34 easy car hacks every driver should know

a hand cleans off a car seat

We spend a lot of time in our cars. We spend a lot of money on them, too, from regular maintenance work to detailed cleaning — because if you’re going to be in the car a lot, why not make it as pleasant (and safe) as possible?

Here are some simple hacks for keeping your car in tip-top shape that may even save you a few bucks along the way. Save this list as your go-to guidance on how to easily clean, repair, organize, heat up and cool down your car.

1. Clean Headlights With Toothpaste

To see things more clearly, clean your cloudy headlights with toothpaste. There are mild abrasives in your toothpaste (which is how it gets the plaque off your teeth) that clean the headlight without damaging it. Plus, using this trick is simple:

  1. Clean the headlight of debris.
  2. Dry the headlight.
  3. Apply a thick layer of toothpaste over your headlight and allow it to sit for three to five minutes.
  4. Using light, circular motions, buff the toothpaste off the light with a scrubbing brush or toothbrush.
  5. Wipe away excess toothpaste, rinse with water and dry.

Of course, if you really want to get the job done (and avoid wasting toothpaste), there are always headlight restoration kits like one from 3M.

2. Defog Your Car by Turning On the Air Conditioning

air conditioning button in car

It sounds crazy, but there is a reason your air conditioner can defog your car. Essentially, you’ll switch between heat and air conditioning. When you do that, you suck the moisture out of the air and aid in defogging. To use this trick:

  1. Turn the heat on full blast to eliminate moisture in the air.
  2. Turn on the A/C to make it more arid.
  3. Switch back to heat, and switch off the air recirculation button (the one with the arrow twirling around the inside of the car).
  4. Open the windows. Not a lot, since it’s clearly cold outside, but enough to let cold air come into the car, drying it even more.

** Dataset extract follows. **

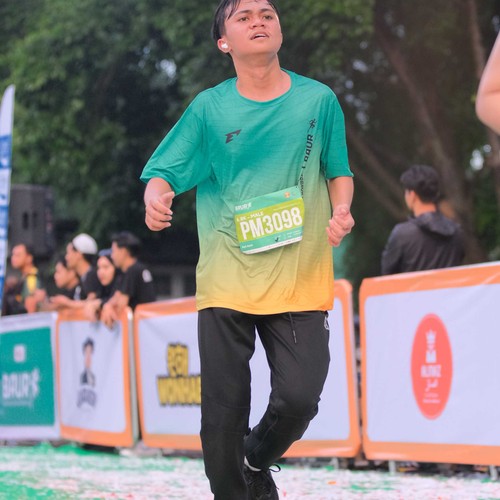 Race photo from BAUR RUN 2025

3. Cover the Windshield During Winter

In the summer, a sunshade prevents the smoldering sun from heating up your car’s interior. In the winter, you can do the same thing, except put a blanket, tarp or plastic tablecloth over the outside of your windshield to protect it from snow and ice — a big help when you’re rushing off the following morning.

This also keeps your windshield wipers from sticking to the glass, so you’ll be up and running like normal even when it’s still snowing.

If you live in a place that snows a lot, it may be worth investing in purpose-built protection like this FrostGuard Plus Winter Windshield Cover:

Frost Guard Plus windshield cover on black truck

$35 at Amazon

4. Use Clear Nail Polish to Slow Windshield Cracks

You know the old trick of putting clear nail polish on pantyhose to stop a run from going all the way down your leg? Well, the same theory works on small cracks in your windshield. Instead of waiting for the windshield to completely crack, put some nail polish on it as soon as you notice a small fracture. Here’s how:

  1. Park your car in a shady spot. The sun’s warmth will make the nail polish dry too quickly to help.
  2. Give the crack a quick wipe-down with whatever you’ve got on hand. A little hand sanitizer is fine.
  3. Fill the crack or chip completely with the clear nail polish on the outside of the car. Go from end to end and use a generous amount of nail polish.
  4. Repeat the process inside the car. Keep fresh air circulating when you work on the interior to vent the polish fumes.

Just remember that this is meant to be a stopgap measure. You’ll still need to get your window fixed, unfortunately.

5. Try This Weird but Efficient Way to Cool Down Your Car

Instead of blasting the air conditioning (or if your A/C doesn’t work), try this instead:

  1. Roll down the driver’s side window.
  2. Go to the passenger side, and open and close the doors a few times.

This forces the hot air out of the car, cooling your car faster than simply relying on the air conditioning to cool down your hotbox.

6. De-Ice a Frozen Lock With Hand Sanitizer

The alcohol in hand sanitizer will melt the ice right off your car door handle. Alcohol’s freezing point is much lower than water’s, so it melts the ice as it mixes with water.

Rub sanitizer on the key and gently wiggle it into the lock, if needed.

Other ways to de-ice frozen locks in a pinch include breathing warm air onto the door handle or warming your key with a lighter.

frozen car door

MORE: The expert trick to defrosting your car windshield fast

7. Keep Your Pizza Warm on the Ride Home

No need to frantically rush home before your takeout gets cold. Why not use your seat warmer or heated seats to heat up the large pizza sitting next to you?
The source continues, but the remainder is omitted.